» **Activity**
Please print nothing but the lines from the one containing "Super‎ Massive Mens" to the final line below, exactly, and no pictures.

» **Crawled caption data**
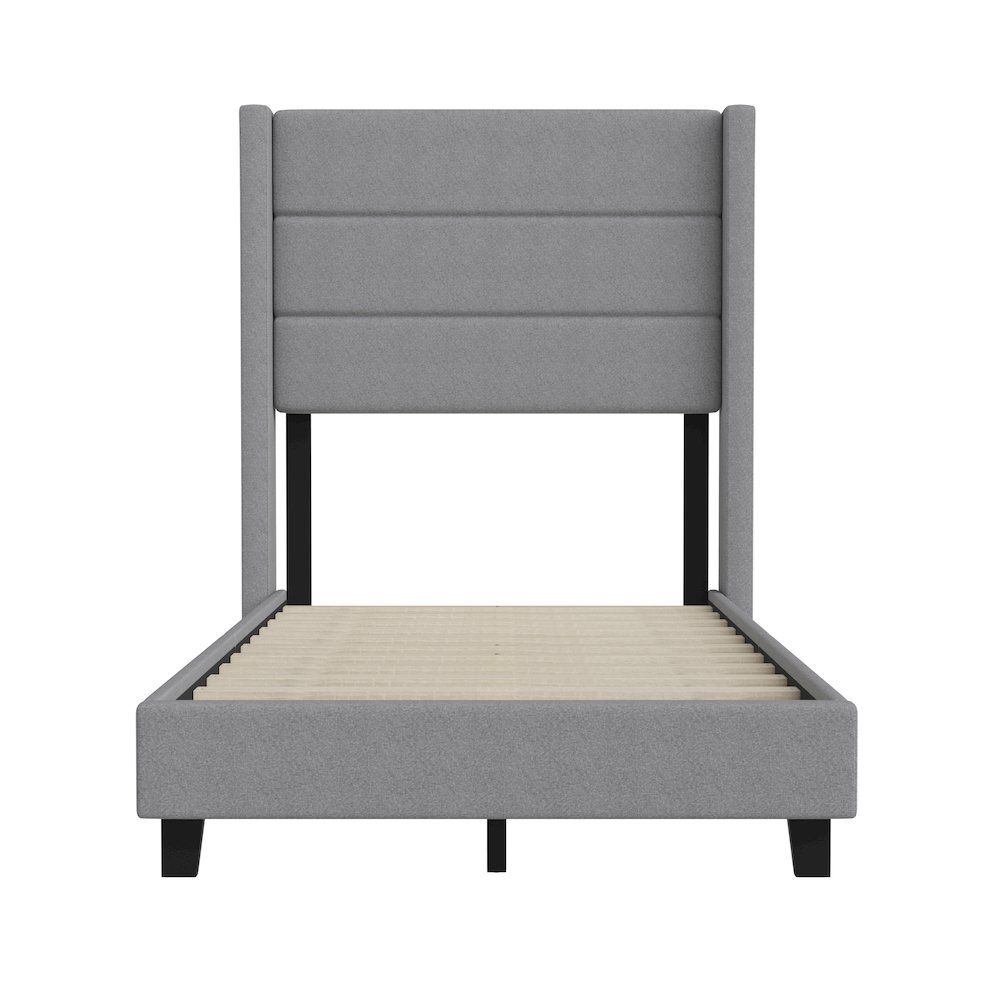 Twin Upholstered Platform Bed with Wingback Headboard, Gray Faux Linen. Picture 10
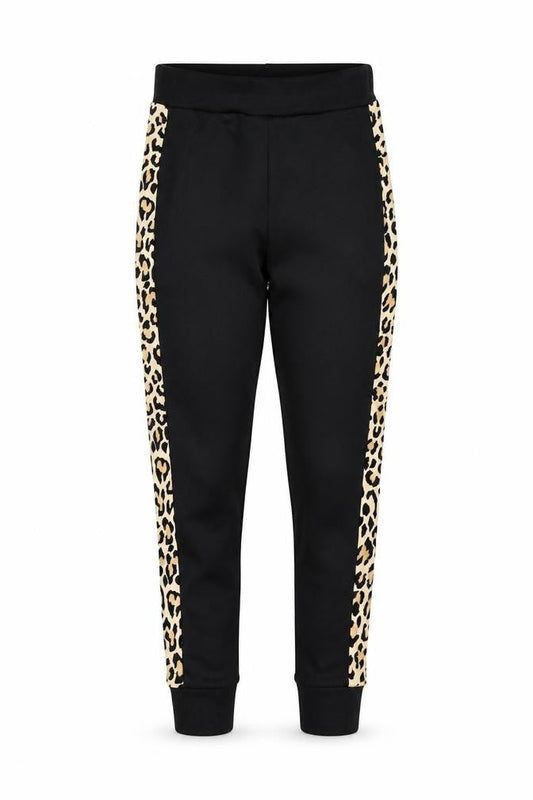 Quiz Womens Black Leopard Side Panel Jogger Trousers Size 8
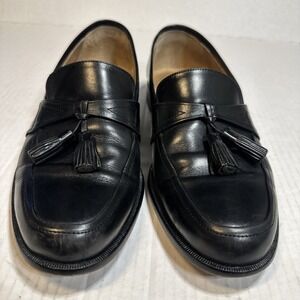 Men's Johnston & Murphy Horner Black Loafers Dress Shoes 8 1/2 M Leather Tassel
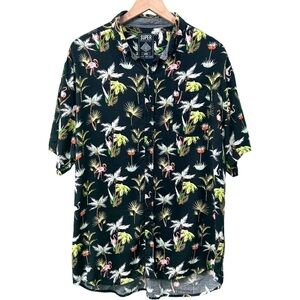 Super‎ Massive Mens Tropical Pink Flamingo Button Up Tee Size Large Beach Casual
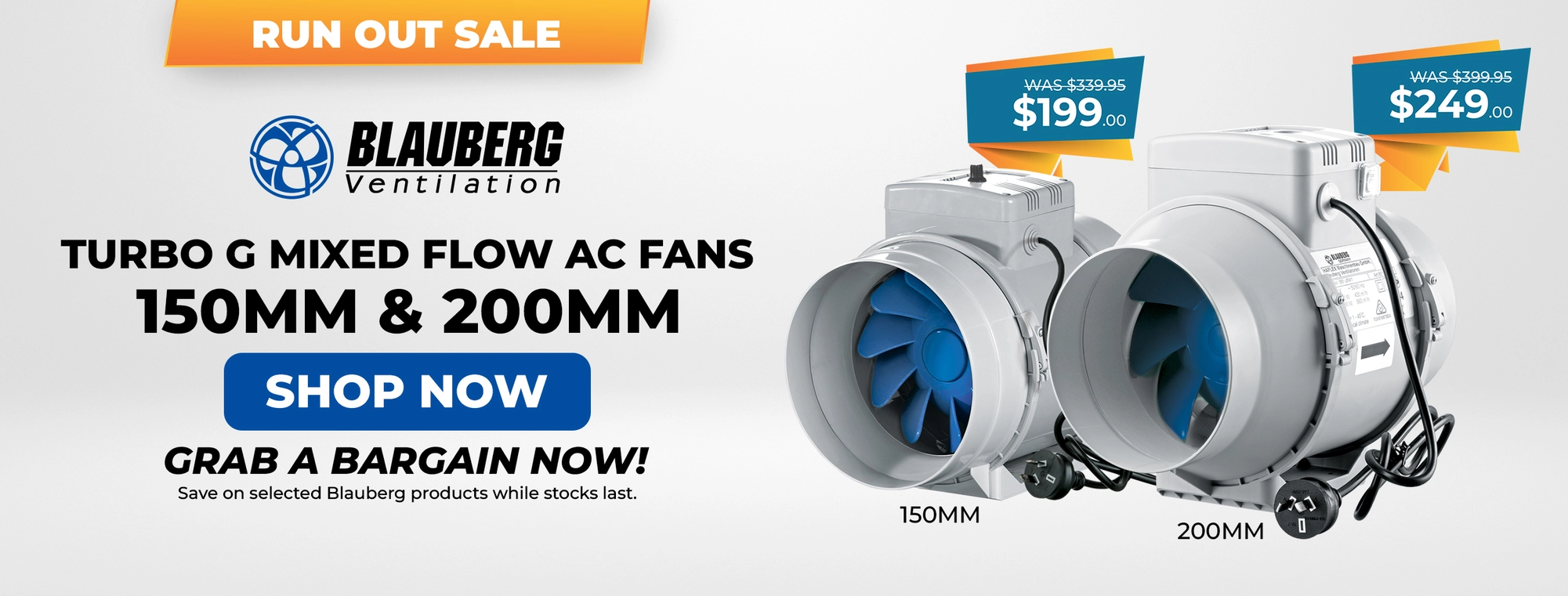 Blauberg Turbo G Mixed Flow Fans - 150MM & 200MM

» **Written response**
 Super‎ Massive Mens Tropical Pink Flamingo Button Up Tee Size Large Beach Casual
 Blauberg Turbo G Mixed Flow Fans - 150MM & 200MM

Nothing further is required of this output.